What you are asked to do:
When the line containing "Sandhill Crane-John James" is found in the data below, copy it and each line after it through the line containing "Nọc Gà Thành", exactly and with no others.

Records for the exercise:
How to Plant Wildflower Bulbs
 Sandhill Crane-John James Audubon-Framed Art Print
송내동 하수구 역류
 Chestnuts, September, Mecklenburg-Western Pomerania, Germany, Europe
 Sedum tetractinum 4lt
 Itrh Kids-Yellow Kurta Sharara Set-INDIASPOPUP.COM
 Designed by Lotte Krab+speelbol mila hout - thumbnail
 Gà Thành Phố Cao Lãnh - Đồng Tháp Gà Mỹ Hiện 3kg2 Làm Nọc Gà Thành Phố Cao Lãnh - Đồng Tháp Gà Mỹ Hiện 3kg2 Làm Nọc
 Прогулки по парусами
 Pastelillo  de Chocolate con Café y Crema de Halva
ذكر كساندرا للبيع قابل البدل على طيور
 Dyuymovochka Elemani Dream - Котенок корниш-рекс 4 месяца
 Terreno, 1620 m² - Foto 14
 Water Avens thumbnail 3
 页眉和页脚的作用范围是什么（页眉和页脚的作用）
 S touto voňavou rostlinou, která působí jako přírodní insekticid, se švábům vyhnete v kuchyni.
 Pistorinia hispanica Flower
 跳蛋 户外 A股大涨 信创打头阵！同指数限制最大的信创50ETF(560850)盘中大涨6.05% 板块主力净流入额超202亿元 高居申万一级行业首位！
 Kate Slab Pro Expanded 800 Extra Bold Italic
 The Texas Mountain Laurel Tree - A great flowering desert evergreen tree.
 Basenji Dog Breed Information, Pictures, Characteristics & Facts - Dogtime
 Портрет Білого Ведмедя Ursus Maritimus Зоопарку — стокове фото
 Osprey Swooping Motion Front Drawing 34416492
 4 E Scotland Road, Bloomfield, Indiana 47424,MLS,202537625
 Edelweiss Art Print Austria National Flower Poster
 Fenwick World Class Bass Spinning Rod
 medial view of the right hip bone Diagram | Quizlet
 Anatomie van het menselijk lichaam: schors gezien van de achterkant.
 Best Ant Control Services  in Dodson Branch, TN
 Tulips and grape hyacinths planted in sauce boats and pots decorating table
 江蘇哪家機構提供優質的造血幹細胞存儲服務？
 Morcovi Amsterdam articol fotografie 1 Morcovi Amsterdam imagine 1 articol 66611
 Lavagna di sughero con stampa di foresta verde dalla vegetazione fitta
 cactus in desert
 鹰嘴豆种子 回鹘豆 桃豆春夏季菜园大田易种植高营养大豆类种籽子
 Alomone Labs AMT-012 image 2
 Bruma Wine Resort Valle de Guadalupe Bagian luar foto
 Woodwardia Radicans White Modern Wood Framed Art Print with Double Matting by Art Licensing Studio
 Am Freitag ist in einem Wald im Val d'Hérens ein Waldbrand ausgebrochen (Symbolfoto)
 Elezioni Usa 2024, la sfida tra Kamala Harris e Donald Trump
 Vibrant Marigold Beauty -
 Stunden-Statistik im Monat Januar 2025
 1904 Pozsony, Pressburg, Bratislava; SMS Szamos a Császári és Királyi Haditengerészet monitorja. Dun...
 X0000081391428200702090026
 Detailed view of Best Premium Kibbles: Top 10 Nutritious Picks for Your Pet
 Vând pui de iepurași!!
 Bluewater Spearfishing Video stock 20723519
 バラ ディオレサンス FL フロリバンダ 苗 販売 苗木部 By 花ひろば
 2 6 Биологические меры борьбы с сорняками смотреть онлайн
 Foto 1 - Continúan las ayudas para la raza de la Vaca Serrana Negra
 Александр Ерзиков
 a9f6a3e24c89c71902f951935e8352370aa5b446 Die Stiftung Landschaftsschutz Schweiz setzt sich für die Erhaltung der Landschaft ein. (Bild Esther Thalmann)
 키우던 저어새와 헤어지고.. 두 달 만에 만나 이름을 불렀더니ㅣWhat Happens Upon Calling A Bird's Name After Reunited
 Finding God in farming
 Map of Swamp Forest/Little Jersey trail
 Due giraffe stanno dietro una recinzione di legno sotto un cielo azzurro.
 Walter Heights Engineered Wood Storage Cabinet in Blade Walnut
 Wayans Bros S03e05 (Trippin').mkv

The answer:
 Sandhill Crane-John James Audubon-Framed Art Print
송내동 하수구 역류
 Chestnuts, September, Mecklenburg-Western Pomerania, Germany, Europe
 Sedum tetractinum 4lt
 Itrh Kids-Yellow Kurta Sharara Set-INDIASPOPUP.COM
 Designed by Lotte Krab+speelbol mila hout - thumbnail
 Gà Thành Phố Cao Lãnh - Đồng Tháp Gà Mỹ Hiện 3kg2 Làm Nọc Gà Thành Phố Cao Lãnh - Đồng Tháp Gà Mỹ Hiện 3kg2 Làm Nọc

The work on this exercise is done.